SUPPLIED DATA
━━━━━━━━━━

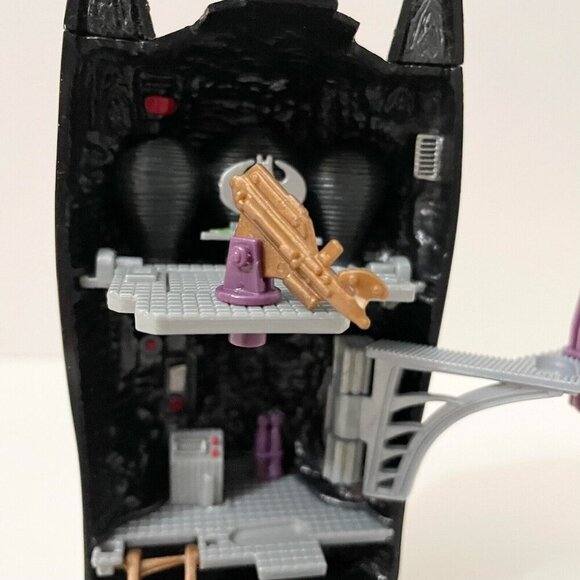 Vintage 1995 Kenner DC Comics Batman Forever Bat Cave Playset Incomplete - Picture 13 of 16
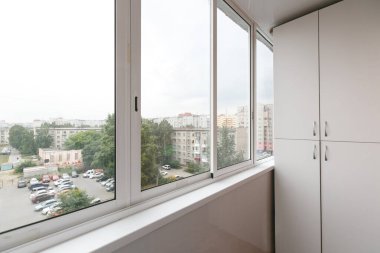 Apartmanın balkonundan manzara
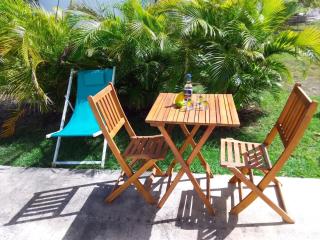 Chaleureuse maison au Moule avec piscine partagée - 2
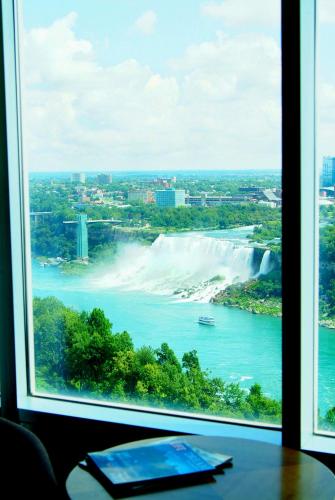 Tower Room Premium Falls View King Jacuzzi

━━━━━━━━━━

EXERCISE OBJECTIVE
Pictures must not appear in the copy, which must otherwise match the listing exactly.

ANSWER TO THE PROBLEM
 Vintage 1995 Kenner DC Comics Batman Forever Bat Cave Playset Incomplete - Picture 13 of 16
 Apartmanın balkonundan manzara
 Chaleureuse maison au Moule avec piscine partagée - 2
 Tower Room Premium Falls View King Jacuzzi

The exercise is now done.